Hollywood received the Southern Oregon death threat in November 1938.

Ten-year-old Shirley Temple had just about finished filming her 28th movie, “The Little Princess.”
Shirley Temple
Threats of kidnapping, death and extortion were not new for America’s Sweetheart, but the FBI always took these threats seriously.

Two years earlier, a 16-year-old Alabama boy who had seen one too many gangster movies threatened to kill Shirley if he didn’t receive $25,000. The boy used the alias, Curtis Palmer, a gangster character from the 1936 movie, “13 Hours by Air.”

While confessing to FBI agents, he apparently looked the part, “nervously patting down his oil-slicked hair and fingering his gaudy necktie.”

Just before the extortion demand arrived from Southern Oregon, a 14-year-old girl from a mining town in Pennsylvania sent a postcard demanding: “Send $320,000 to the below address if you ever want to see Shirley alive.” With address in hand, it didn’t take long for the FBI to come knocking on her door.

Our Southern Oregon culprit, Hinton Hardison, was arrested on his 24th birthday, Nov. 26, 1938, at the Civilian Conservation Corps’ Camp Rand, along the Rogue River near Glide.

Hardison, a newly minted “brush marine,” had only arrived in CCC camp from his home in Georgia Oct. 19. Twenty-nine days later, he was mailing his threatening letter to Shirley, demanding $10,000 or he would kill the little actor. He used a fictitious name in the letter, but he also included his camp address.

John Caughman, Camp Rand commander, told agents that Hardison “did not seem quite as quick as the other boys. He’s more of the slow type.”

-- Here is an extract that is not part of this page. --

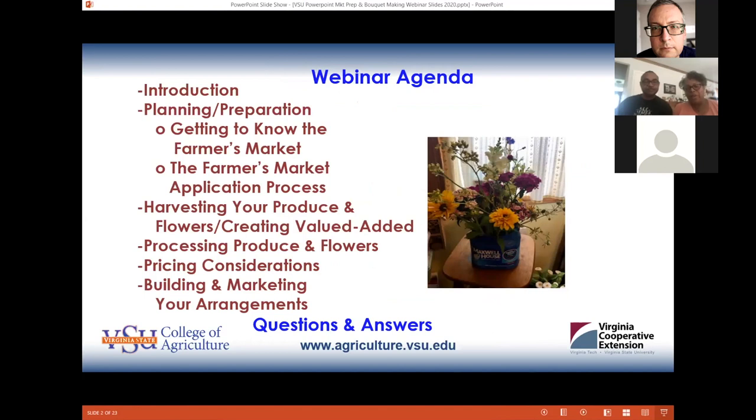This is our agenda for today. We're going to talk about planning and preparing for the market. Before you go to market, you should get to know the place where you're going to be selling, whether it's on site or a traditional farmers market. We're going to talk about the application process for farmers markets, harvesting your produce and flowers, value-added products, pricing considerations, and finally some marketing and building bouquets. At the end, we'd like to take your questions and answers.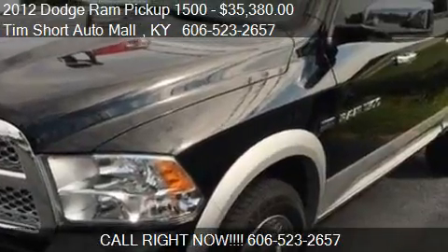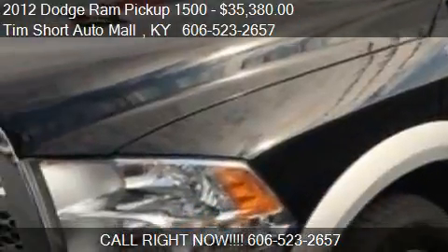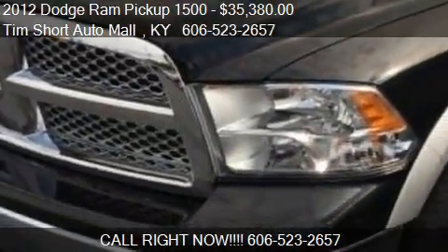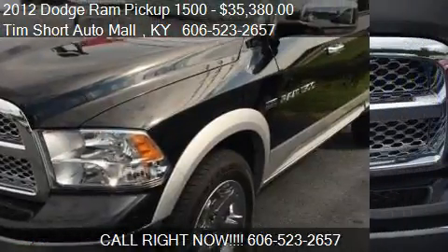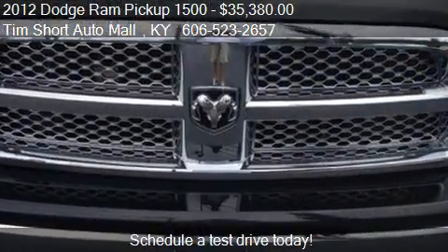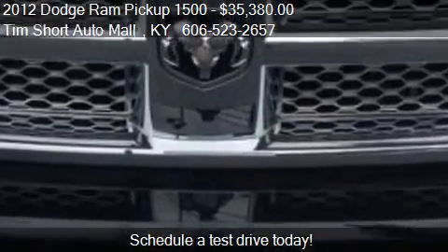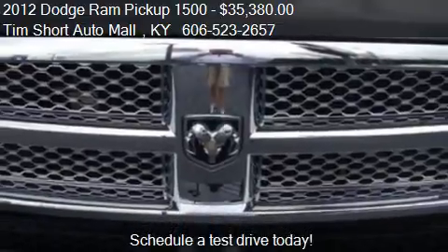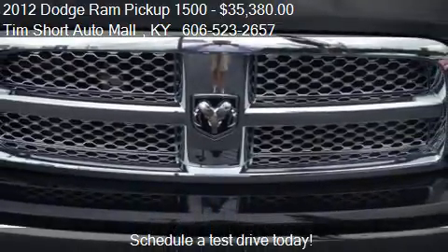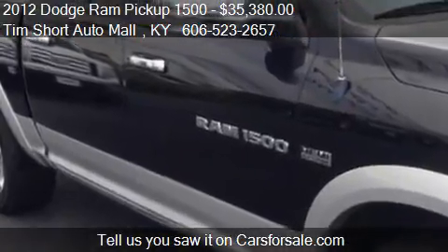This 2012 Dodge Ram Pickup 1500 is offered by Tim Short Auto Mall, priced at $35,380. This Ram 1500 is ready to sell, with just over 36,912 miles.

Hardison was arraigned in Medford federal court on a charge of using the mails in an attempt to extort money. Bail was set at $50,000. After waiving a preliminary hearing, Hardison was escorted to Portland on the evening train to face a grand jury and a very quick trial.

A week after his arrest, Hardison pleaded guilty to federal Judge James Fee. Fee agreed to delay sentencing, while Hardison’s defense attorney, John Mowry, had a chance to question Hardison’s acquaintances in Georgia.

Mowry returned to court asking for probation, saying he had learned that Hardison had been “kicked in the head by a mule when he was 3 years old, and the injury had rendered him mentally deficient.”

CCC physician Charles Sturdevant testified that Hardison “had a mentality of not more than 13 years, and, although he lacked a moral sense of values in human relationships, he had no sadistic tendencies.”

Judge Fee said he didn’t believe a prison term would teach Hardison a lesson and, after sentencing him to five years in federal prison, waived the sentence and instead released him on 20 years of probation — the probation to be supervised by Georgia officials who had already agreed to take responsibility for Hardison’s future acts.
Hardison returned to Georgia, married, and lived a quiet life until 1977.

Two months after the trial, “The Little Princess,” Shirley Temple’s first motion picture in color, arrived to rave reviews for a five-day run at Medford’s Craterian Theater.

It seems nothing could stop the “Good Ship Lollipop” from sailing on and on over the seas of success.